Gracias, Rep. Decker. Or should we say, merci.

If students are proficient in English, at grade level, and desire to speak another language, they should be encouraged to do so. Learning a second language is often easier at an earlier age. And if a school has the resources to teach a second language to elementary school students, we say go for it.

Once voters had given a thumbs-down to the English-immersion Amendment 31, the debate over teaching English to students moved back under the dome. Myriad bills could surface, but Decker authored a House Report last week that gave a first glimpse of legislation to come.

In it, the Fountain Republican wrote that he favors a bill that would replace bilingual education with English immersion for up to two years. He also said it won't contain the punitive measures that turned many voters off to Amendment 31.

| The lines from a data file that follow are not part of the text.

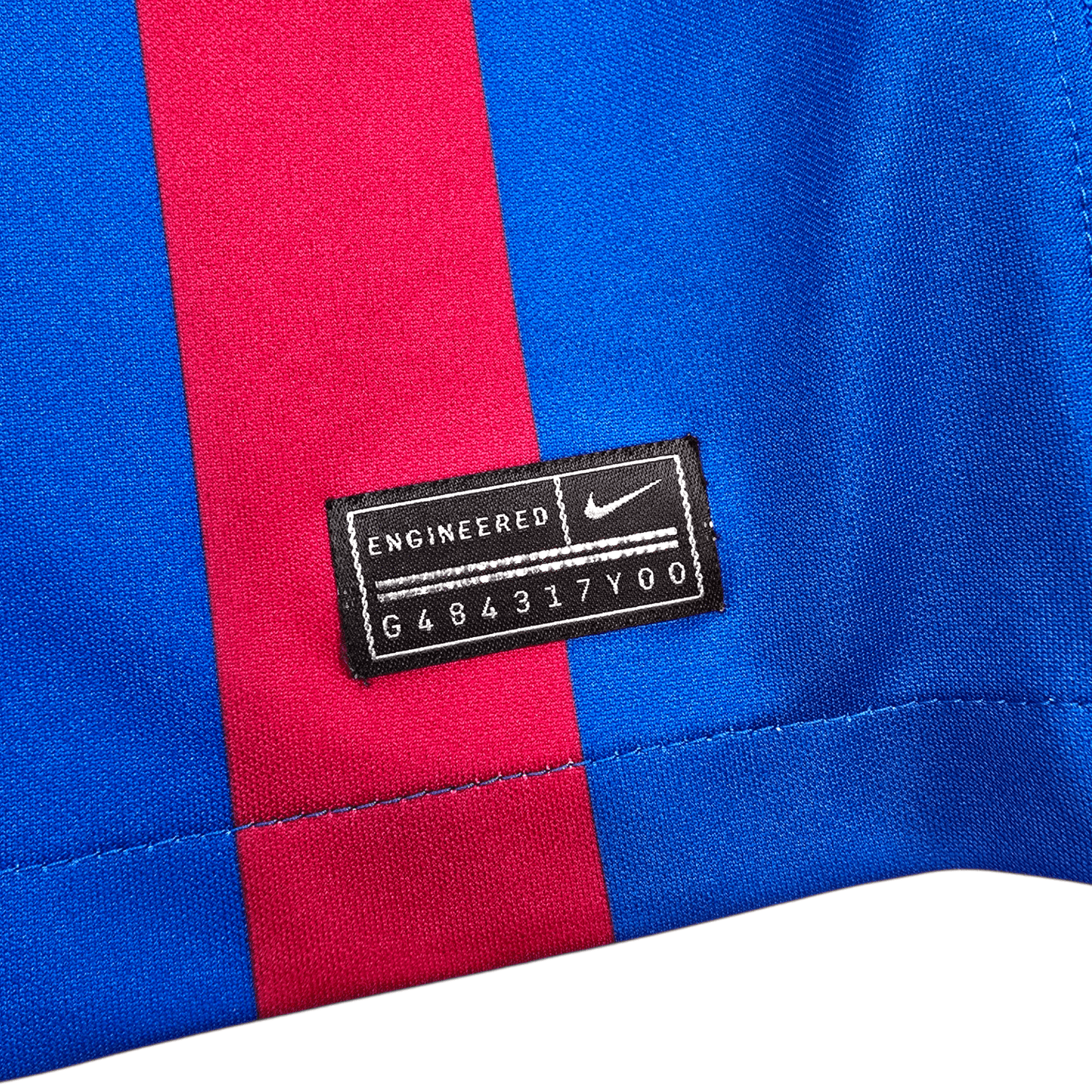 2021/22 Barcelona Home Football Shirt (M) Nike #3 Pique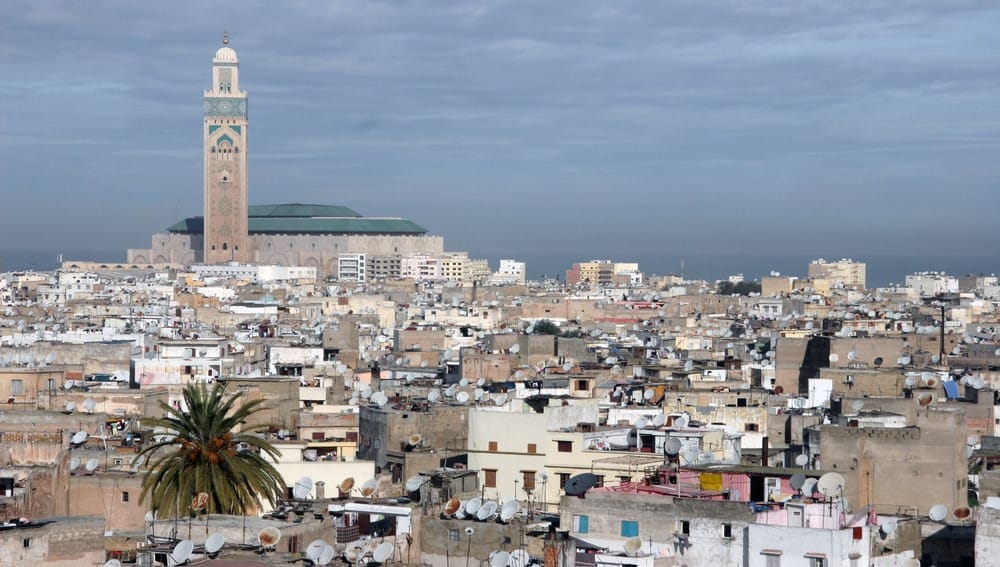 le maroc face à la monté des risques internationnales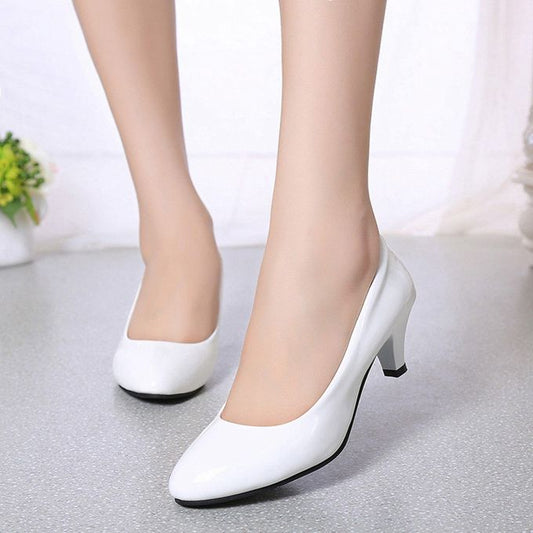 Women's Work Wedding Shoes – Ladies Low Mid High Heel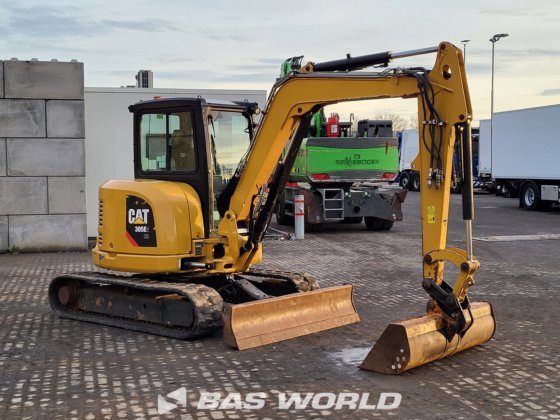 卡特彼勒 305 E2 小型挖掘机 <10t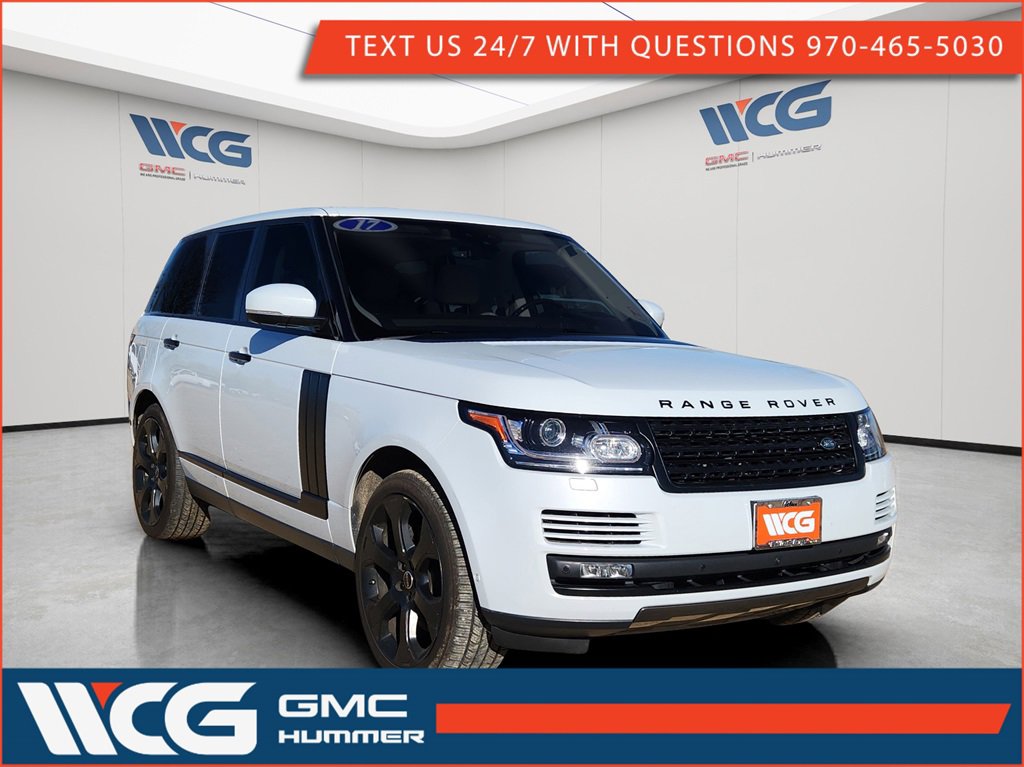 2017 Land Rover Range Rover Supercharged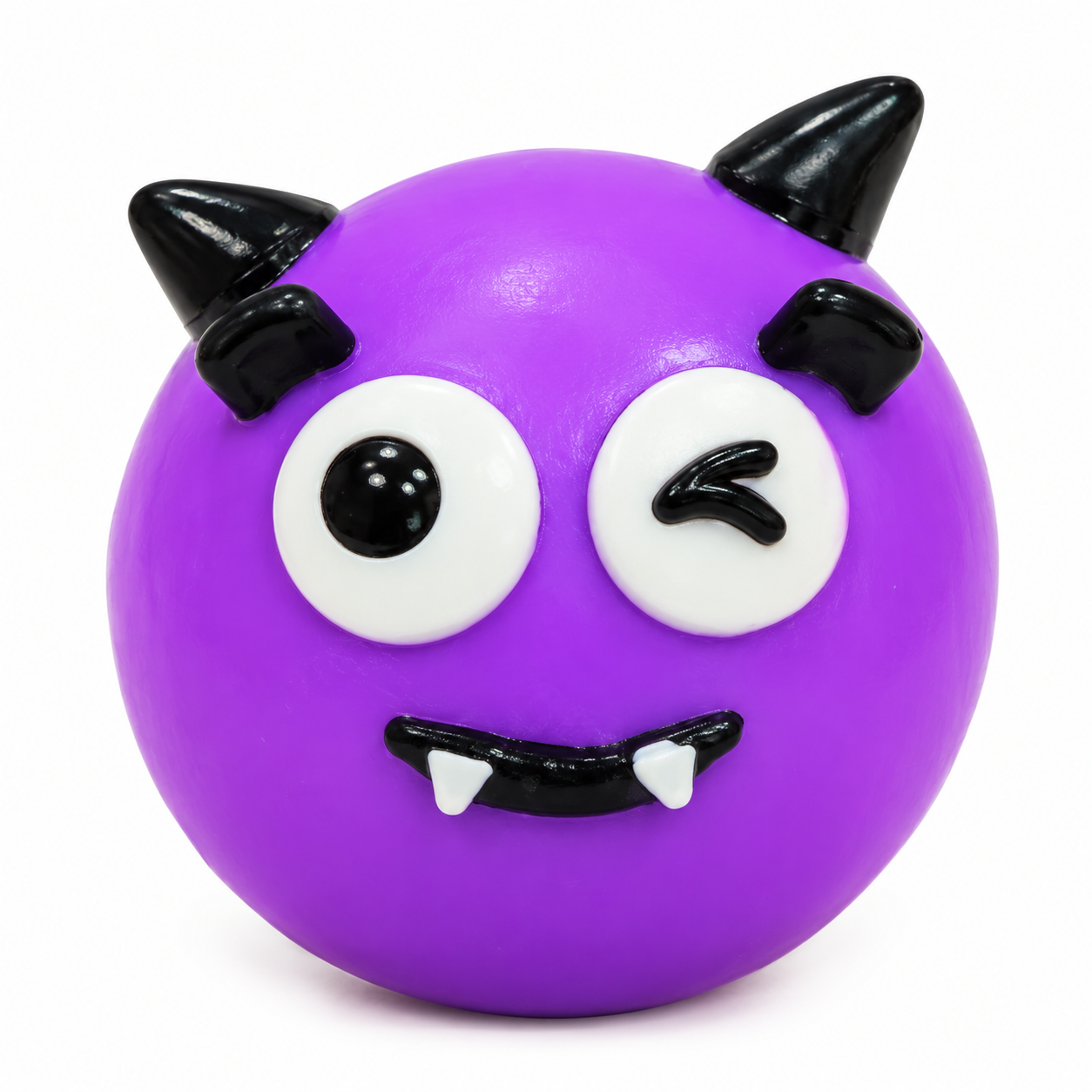 Funny Faces 4 Inch Halloween Squishy Sensory Toy - Assorted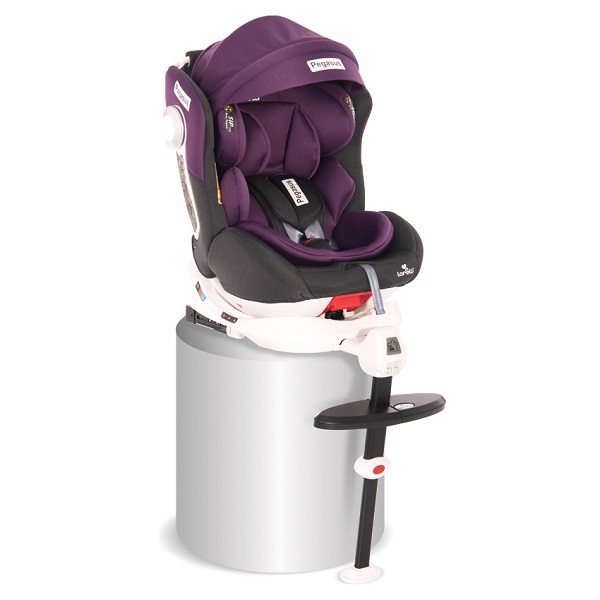 Автокресло Lorelli Pegasus ISOFIX - grey@violet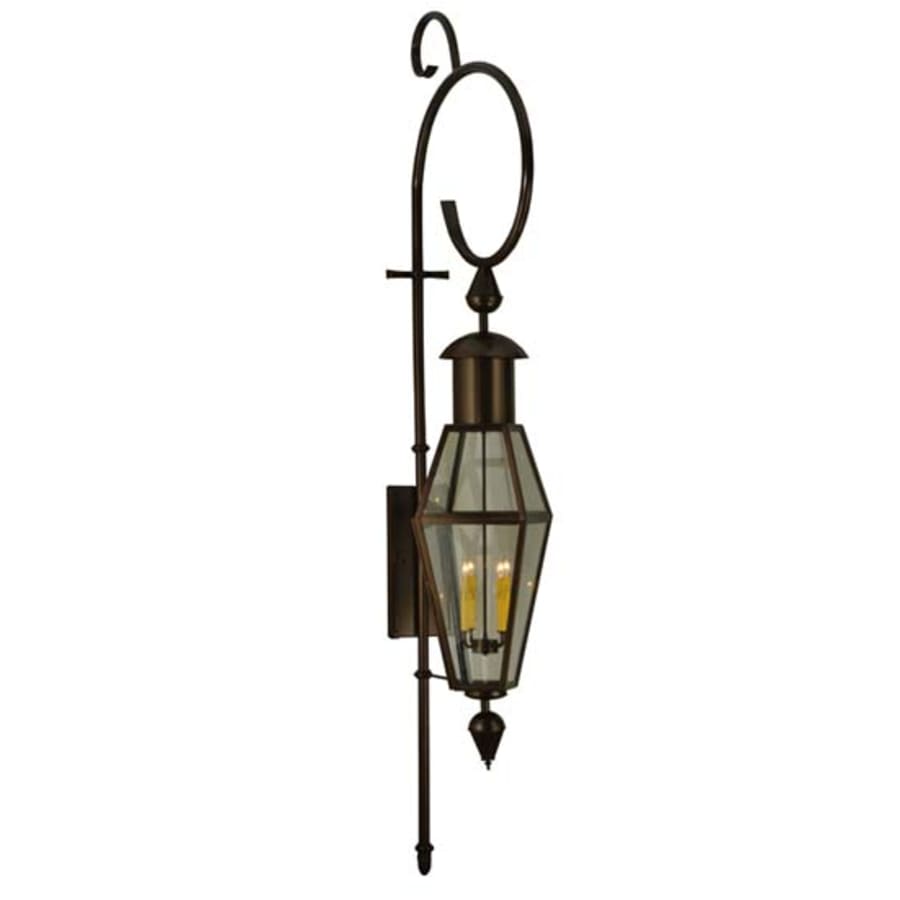 August 4 Light 101" Tall Wall Light, Bedroom Wall Sconce, Dimensions: Height: 101"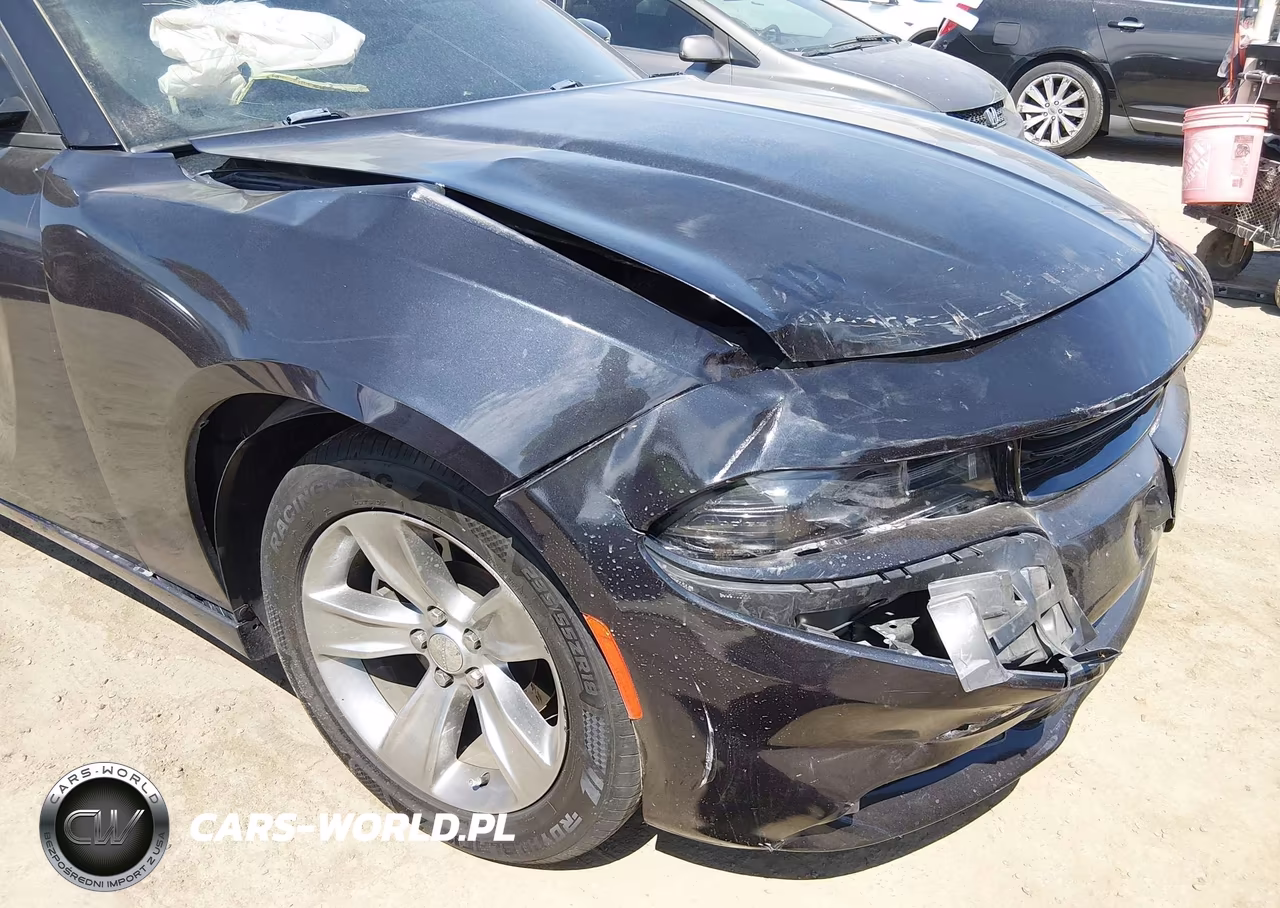 2017 Dodge Charger Sxt Rwd VIN:2C3CDXHG4HH574964 - 6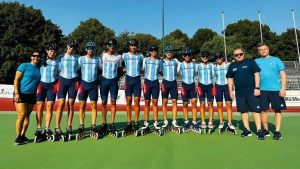 Mundial de Patinaje: los tres representantes de Neuquén esperan por su debut en Italia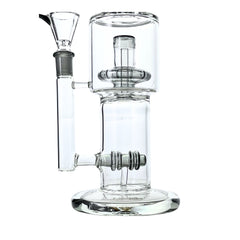Twin-Pulse 12" Dual-Stage Percolator Bong - Discreet Smoker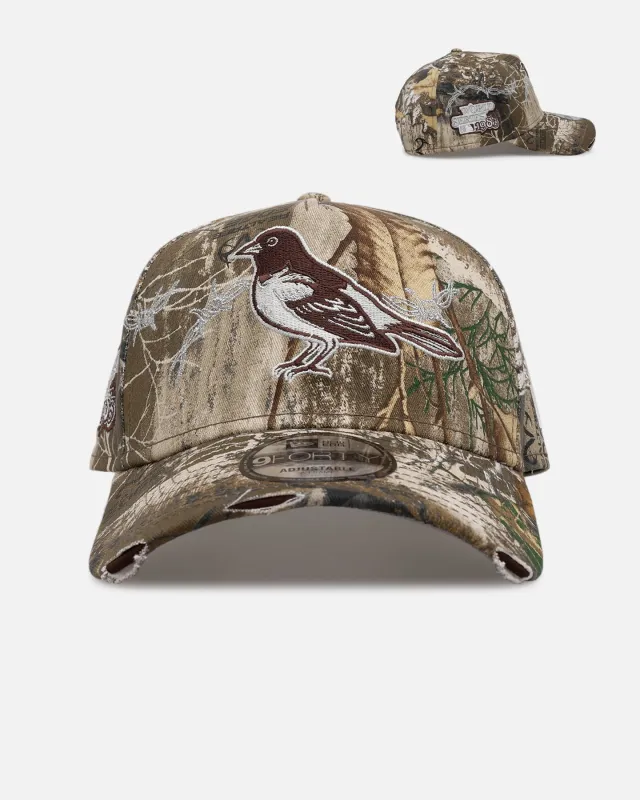 New Era Baltimore Orioles 'Realtree Grit 3.0' 9FORTY A-Frame Snapback Realtree Edge made by New Era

It will be a kinder, gentler version, he promised Tuesday.

"I'm not interested in doing away with bilingual education." he said. "Bilingual education is for the purpose of perpetuating a culture. If local school districts want to pay for that, it's up to them."

He says that some type of immersion program should be employed; it should be limited to two years; and kids should not be restricted to solely learning English in those two years. If someone is proficient before then, he or she should be transitioned into the regular classroom setting.

Decker must decide exactly what he's after before he submits any bill. Obviously, he has more research to do. He admits that.

"I just want to be sure they do learn English first. I think we need to make a statement that English is important."

Borrowing an idea from KOA's Mike Rosen, Decker said students who speak languages other than Spanish don't have bilingual programs available to them. English immersion is their only option, and it works.

Decker, like many Coloradans, is concerned that Americans are losing their native tongue.

That's understandable. But in an effort to preserve it, or to make sure children learn to speak English, we can't limit the opportunities of others. That includes English-speaking students who want to learn other languages.

We continue to believe that Colorado's present provisions for English-language learning need improvement. But we hope that, as lawmakers seek ways to do that, they will be careful not to repeat the mistakes of Amendment 31.

And, for pity's sake, they shouldn't add new wrinkles.